Reputation: 71
I'm thinking that it should be possible to do the following with non-equi joins but can't manage to make it work. Sort of an extension to this question I asked a few weeks back: Fast way to find min in groups after excluding observations using R.
I have a data set of applications. If score is above cutoff you are admitted. Now I want to identify which applications are strictly dominated. I.e. when someone has prioritized a choice lower than another choice with a lower margin and will thus never be admitted to that option.

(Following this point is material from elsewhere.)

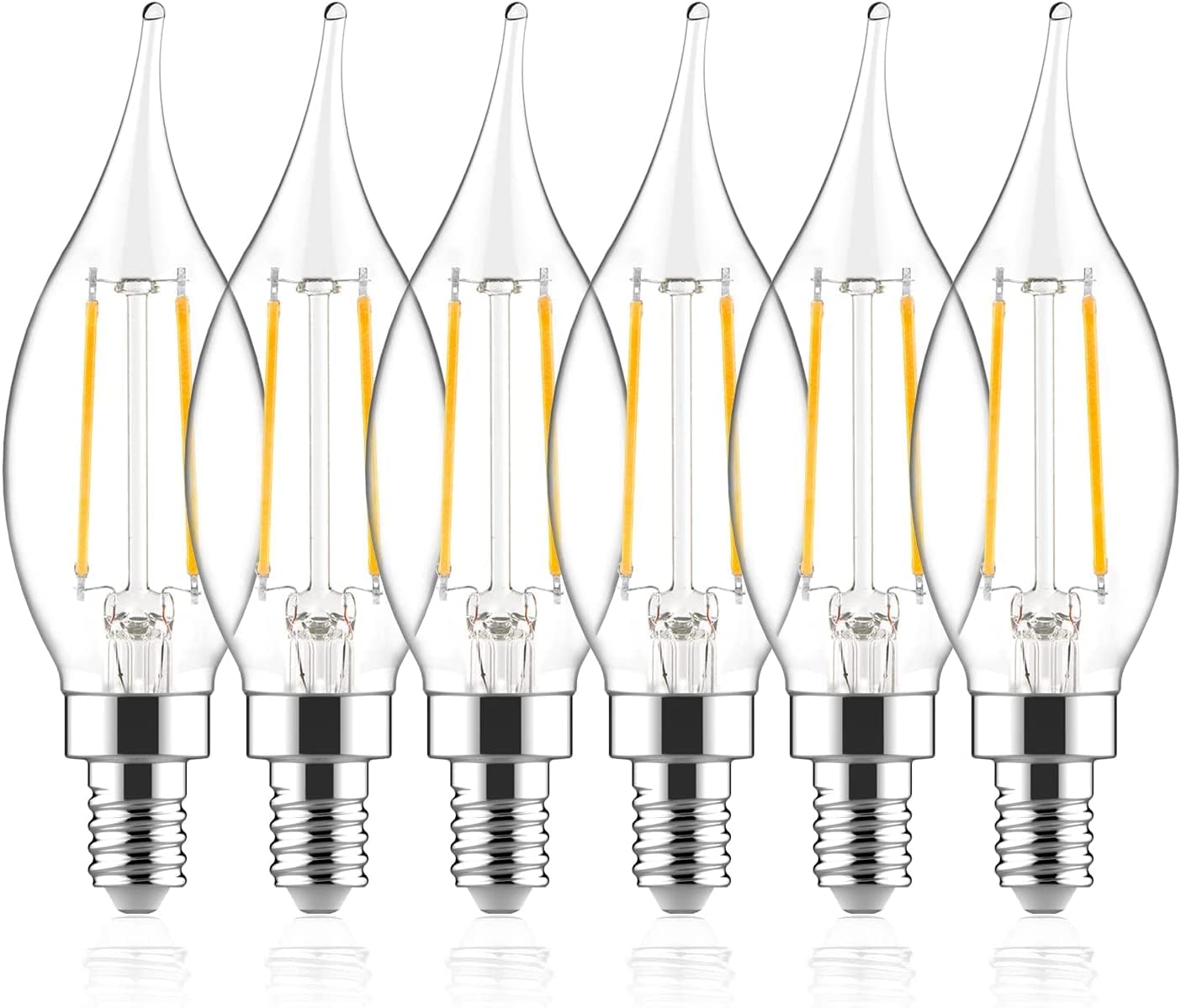 Sengled E12 LED Candelabra Bulb, 5W 2700K Soft White, Dimmable, 6 Pack, Vintage B10 Flame Tip, Glass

I.e. when comparing cutoff
at a specific row with all rows in the same group that have a lower prio number, set dominated = TRUE if there is a higher prioritized (lower prio) choice with a lower cutoff.
The following code works but is pretty darn slow:
library(data.table)
dt <- data.table(prio = c(c(1,2,4,5,6,7,8), c(1,2,4,5), c(1,2,4,5,6,7,8), c(1,2,4,10,13)),
c = c(c(20,16,19,20,21,11,22), c(1.5, 1.3, 1.7, 1.2), c(20,16,19,20,21,11,22), c(123,332,121,334,335)),
admission_group = c(rep("X", 7), rep("Y", 4), rep("X", 7), rep("Z", 5)),
individual = c(rep("A", 11), rep("B", 12)),
dominated = rep(FALSE, 23))
dt[,
min_c_lower_prio :=
unname(sapply(split(outer(prio,prio, "<="),
rep(1:length(prio),
each = length(prio))),
FUN = function(x) min(c[x], na.rm = TRUE))),
by = .(admission_group, individual)
]
dt[c > min_c_lower_prio, dominated := TRUE]
Upvotes: 1
Views: 59
Reputation: 66819
Yes, it can be done with non-equi joins:
dt[, d := dt[.SD, on=.(admission_group, individual, prio < prio, c < c), mult="first",
.N > 0, by=.EACHI]$V1]
Alternately, sort by priority and use cummin
:
dt[order(prio), d2 := c > cummin(c), by=.(admission_group, individual)]
Upvotes: 3